For example, the prosodic feature confidence threshold is set at 0.6, and the linguistic feature confidence threshold is set at 0.8. When confidence based on the prosodic features of certain utterance A is “interrogative: 0.3, declarative: 0.7”, and confidence based on the linguistic features of the utterance A is “interrogative: 0.1, declarative: 0.9”, the confidence based on the prosodic features for “declarative” exceeds the threshold, and the confidence based on the linguistic features for “declarative” also exceeds the threshold. Therefore, the utterance A is utilized for self-training while a teacher label is set as “declarative”. Meanwhile, when confidence based on the prosodic features of certain utterance B is “interrogative: 0.1, declarative: 0.9”, and confidence based on the linguistic features of the utterance B is “interrogative: 0.8, declarative: 0.2”, the confidence based on the prosodic features for “declarative” exceeds the threshold, and the confidence based on the linguistic features for “interrogative” also exceeds the threshold. In this case, because the paralinguistic information labels of the confidence which exceeds the thresholds are not the same, the utterance B is not utilized for self-training as utterance with no teacher label.

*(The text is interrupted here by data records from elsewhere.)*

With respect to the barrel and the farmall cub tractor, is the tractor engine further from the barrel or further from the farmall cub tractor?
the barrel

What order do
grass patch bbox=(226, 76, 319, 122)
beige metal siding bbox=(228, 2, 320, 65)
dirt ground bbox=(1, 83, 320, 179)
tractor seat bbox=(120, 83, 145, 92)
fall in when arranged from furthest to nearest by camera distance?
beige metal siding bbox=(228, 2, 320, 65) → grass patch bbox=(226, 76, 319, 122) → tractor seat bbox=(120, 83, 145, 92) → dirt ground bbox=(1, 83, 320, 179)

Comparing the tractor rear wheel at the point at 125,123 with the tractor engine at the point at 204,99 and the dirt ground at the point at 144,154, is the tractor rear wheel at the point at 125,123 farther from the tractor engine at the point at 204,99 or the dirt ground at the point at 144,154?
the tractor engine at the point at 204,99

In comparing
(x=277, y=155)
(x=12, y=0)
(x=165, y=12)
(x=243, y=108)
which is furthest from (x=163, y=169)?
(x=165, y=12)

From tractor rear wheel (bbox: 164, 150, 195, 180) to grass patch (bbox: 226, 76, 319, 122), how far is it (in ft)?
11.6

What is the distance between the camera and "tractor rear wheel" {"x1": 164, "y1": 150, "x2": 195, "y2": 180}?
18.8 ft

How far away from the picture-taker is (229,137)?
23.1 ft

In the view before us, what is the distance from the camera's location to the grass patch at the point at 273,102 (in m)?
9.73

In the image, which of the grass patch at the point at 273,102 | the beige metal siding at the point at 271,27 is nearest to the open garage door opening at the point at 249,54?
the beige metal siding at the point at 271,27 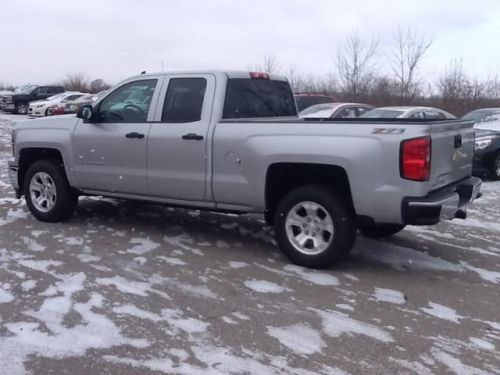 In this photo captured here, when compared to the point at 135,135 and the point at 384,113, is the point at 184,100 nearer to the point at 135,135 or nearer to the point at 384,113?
the point at 135,135

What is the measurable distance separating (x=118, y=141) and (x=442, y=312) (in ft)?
12.7

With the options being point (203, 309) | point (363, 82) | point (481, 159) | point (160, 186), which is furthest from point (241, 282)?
point (363, 82)

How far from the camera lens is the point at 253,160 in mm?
5668

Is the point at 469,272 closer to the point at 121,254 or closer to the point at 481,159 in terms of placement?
the point at 121,254

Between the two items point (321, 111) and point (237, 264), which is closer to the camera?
point (237, 264)

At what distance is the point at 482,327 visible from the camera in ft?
14.2

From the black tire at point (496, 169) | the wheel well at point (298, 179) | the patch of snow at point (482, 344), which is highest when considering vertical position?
the wheel well at point (298, 179)

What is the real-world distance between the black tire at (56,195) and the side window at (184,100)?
5.54ft

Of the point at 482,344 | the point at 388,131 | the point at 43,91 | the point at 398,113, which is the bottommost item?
the point at 482,344

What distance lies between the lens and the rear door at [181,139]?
604cm

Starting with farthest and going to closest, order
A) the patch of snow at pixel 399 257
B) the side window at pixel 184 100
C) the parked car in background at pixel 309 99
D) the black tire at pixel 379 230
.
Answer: the parked car in background at pixel 309 99 → the black tire at pixel 379 230 → the side window at pixel 184 100 → the patch of snow at pixel 399 257

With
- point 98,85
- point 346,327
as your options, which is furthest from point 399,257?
point 98,85

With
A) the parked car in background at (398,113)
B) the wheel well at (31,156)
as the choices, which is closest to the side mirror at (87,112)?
the wheel well at (31,156)

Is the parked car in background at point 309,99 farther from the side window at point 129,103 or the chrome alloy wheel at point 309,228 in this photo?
the chrome alloy wheel at point 309,228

In step S13b, the linguistic feature data selecting part 13b selects self-training data for relearning an estimation model based on the linguistic features (hereinafter, referred to as “linguistic feature self-training data”) from the utterance with no teacher label stored in the utterance-with-no-teacher label storage 10b using the confidence of the paralinguistic information based on the prosodic features output by the prosodic feature paralinguistic information estimating part 12a and the confidence of the paralinguistic information based on the linguistic features output by the linguistic feature paralinguistic information estimating part 12b. While a data selection method is similar to that used by the prosodic feature data selecting part 13a, thresholds to be used for threshold processing are different. As the thresholds to be used by the linguistic feature data selecting part 13b, a confidence threshold regarding prosodic features (hereinafter, referred to as a “prosodic feature confidence threshold for linguistic features”) and a confidence threshold regarding linguistic features (hereinafter, referred to as a “linguistic feature confidence threshold for linguistic features”) are set in advance. Further, the linguistic feature confidence threshold for linguistic features is set at a lower value than that of the prosodic feature confidence threshold for linguistic features. For example, the prosodic feature confidence threshold for linguistic features is set at 0.8, and the linguistic feature confidence threshold for linguistic features is set at 0.6. The linguistic feature data selecting part 13b outputs the selected linguistic feature self-training data to the linguistic feature estimation model relearning part 14b.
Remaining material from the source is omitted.